## Directions for this task
The lines from the one containing "Collar Trébol Esmeralda" to the end of the entries, both included, are what you need to transcribe exactly, without pictures and without anything else.

(Beginning of Data in this exercise)

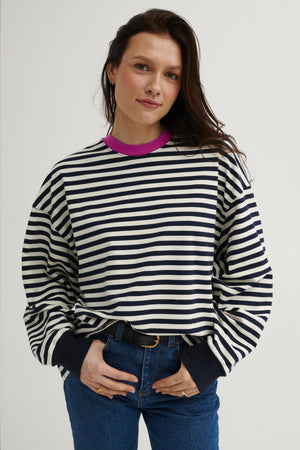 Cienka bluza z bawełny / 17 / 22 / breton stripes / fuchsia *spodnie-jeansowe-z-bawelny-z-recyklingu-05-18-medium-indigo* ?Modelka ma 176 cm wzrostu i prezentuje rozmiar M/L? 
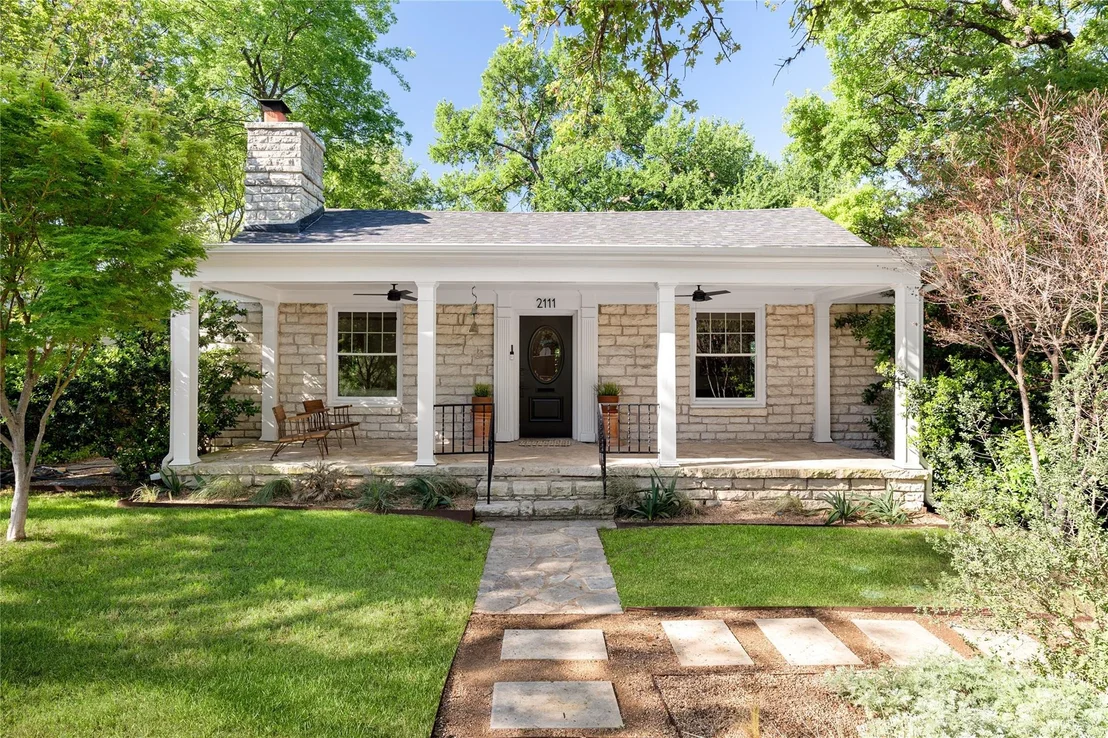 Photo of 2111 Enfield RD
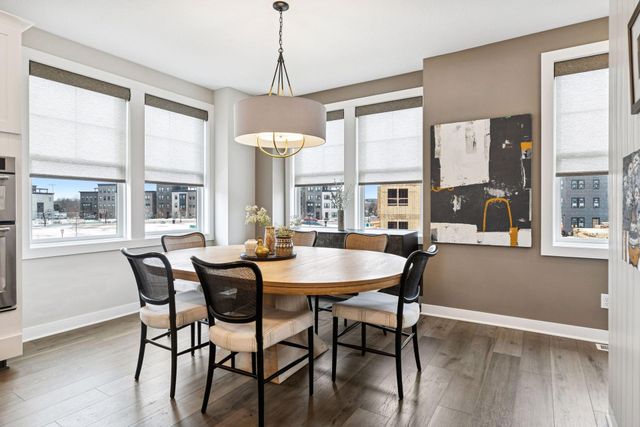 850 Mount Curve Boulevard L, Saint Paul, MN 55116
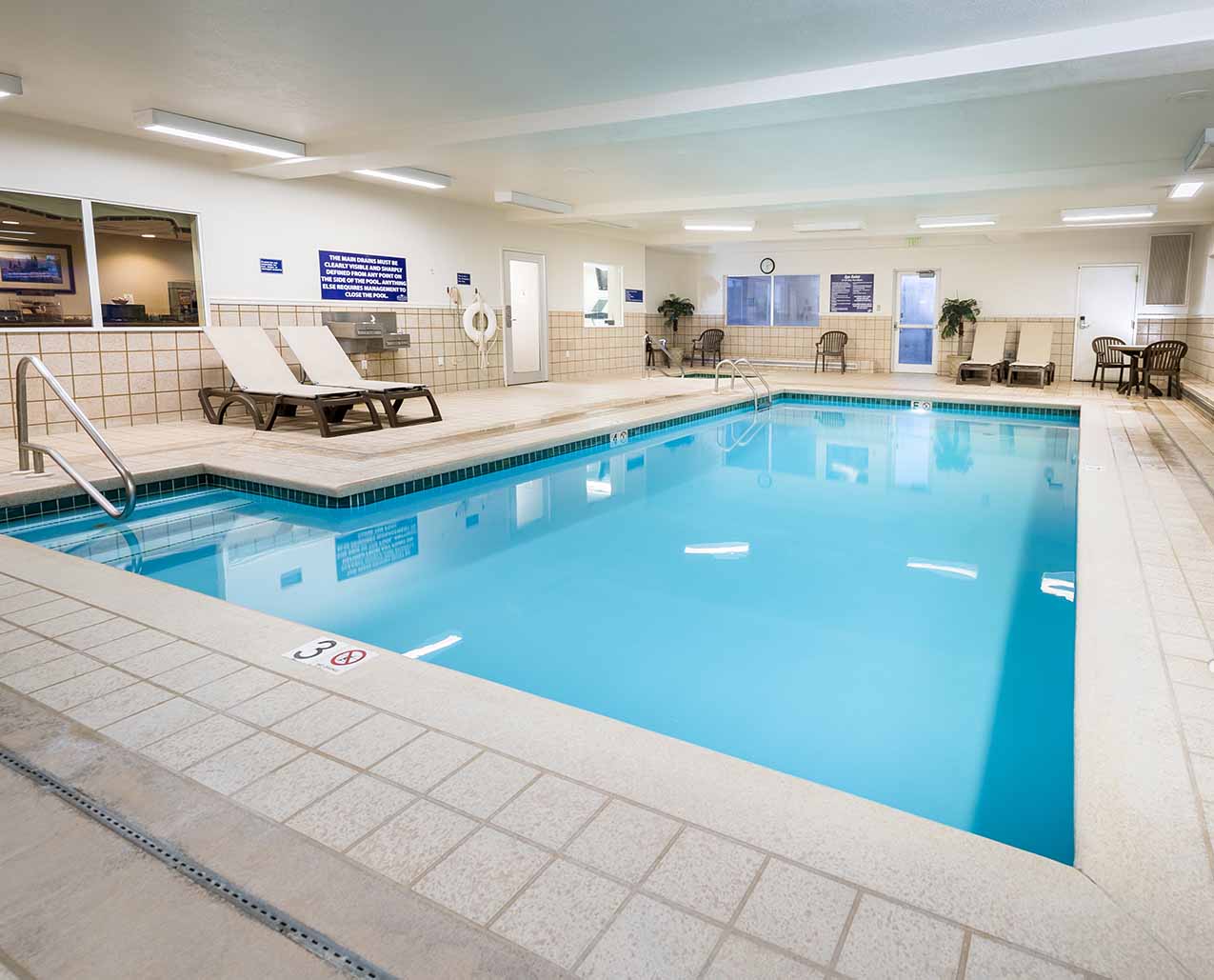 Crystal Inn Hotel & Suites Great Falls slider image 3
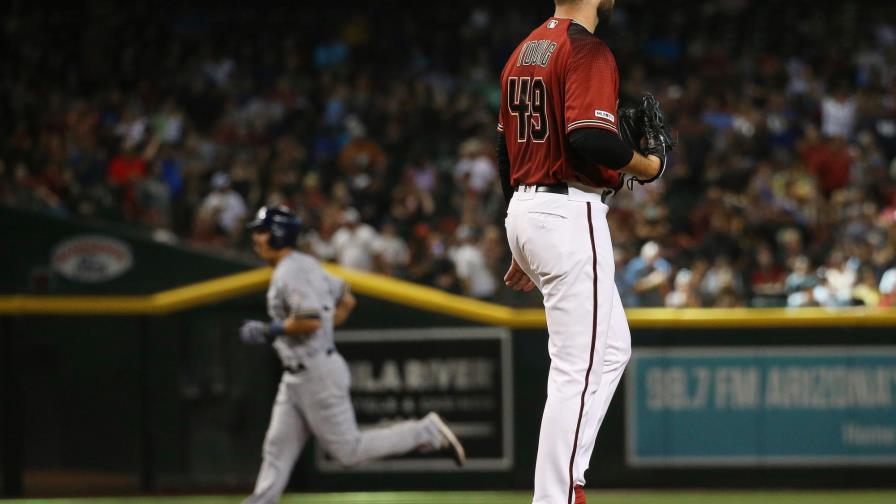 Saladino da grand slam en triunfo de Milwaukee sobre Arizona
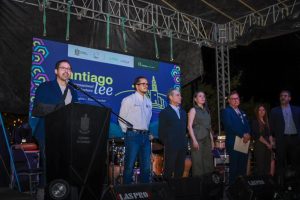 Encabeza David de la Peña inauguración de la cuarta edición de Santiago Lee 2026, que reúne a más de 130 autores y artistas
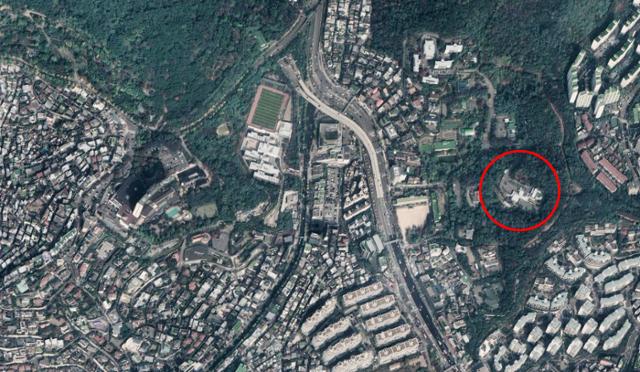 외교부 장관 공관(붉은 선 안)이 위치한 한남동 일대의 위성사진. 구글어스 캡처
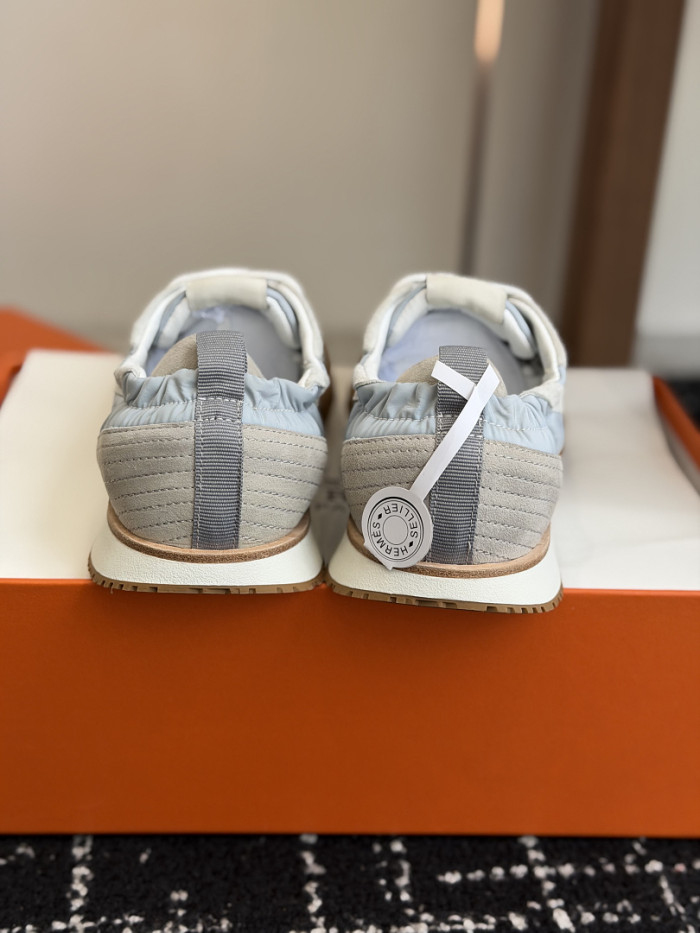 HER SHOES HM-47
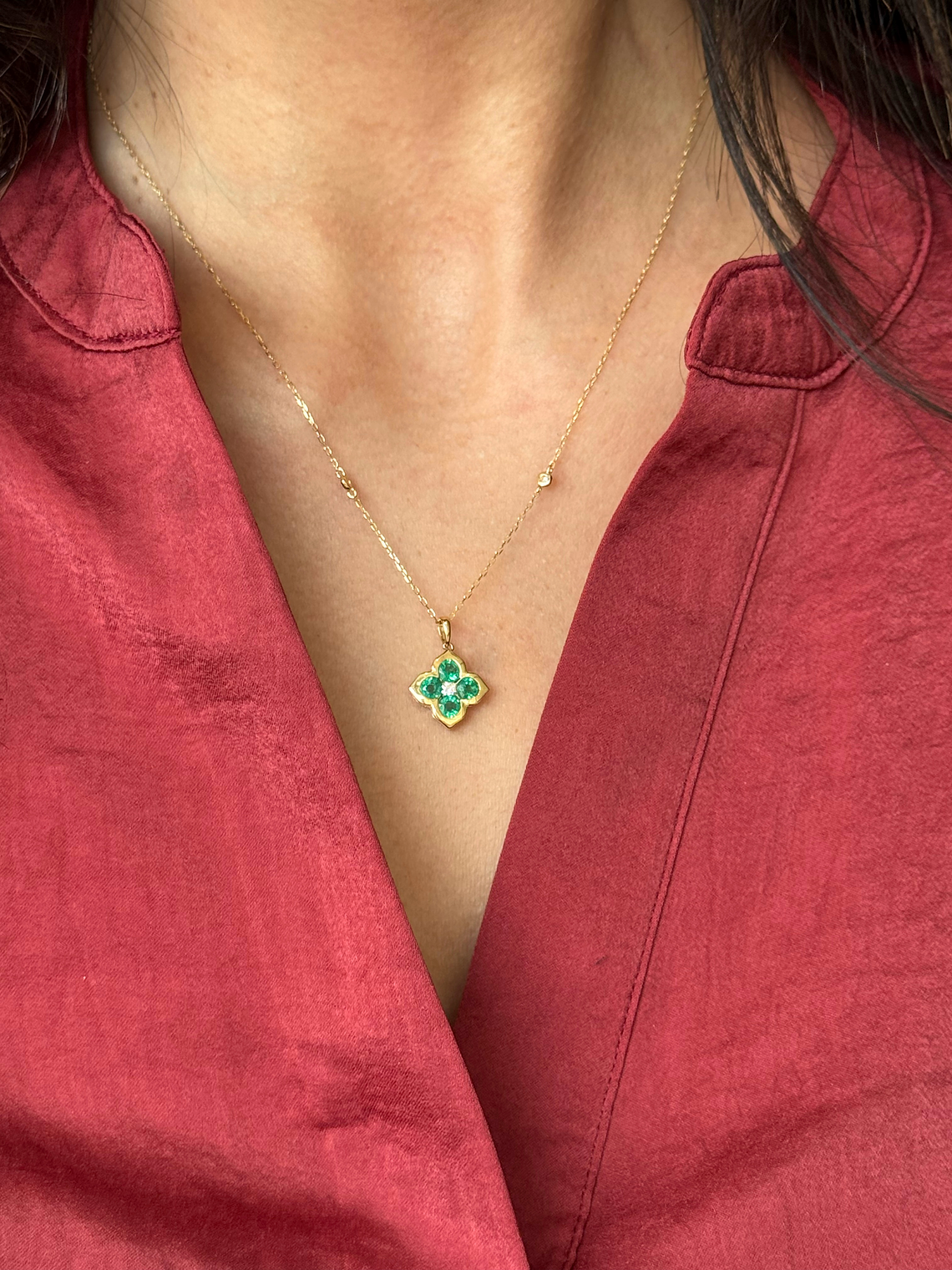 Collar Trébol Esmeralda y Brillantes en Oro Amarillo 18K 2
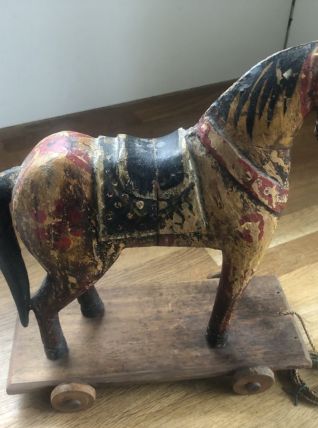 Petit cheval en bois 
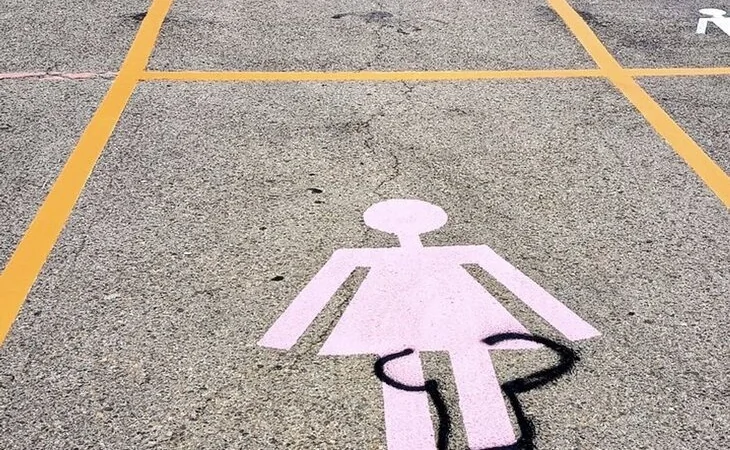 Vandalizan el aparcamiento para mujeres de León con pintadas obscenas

(End of Data in this exercise)

## Response to this task
 Collar Trébol Esmeralda y Brillantes en Oro Amarillo 18K 2
 Petit cheval en bois 
 Vandalizan el aparcamiento para mujeres de León con pintadas obscenas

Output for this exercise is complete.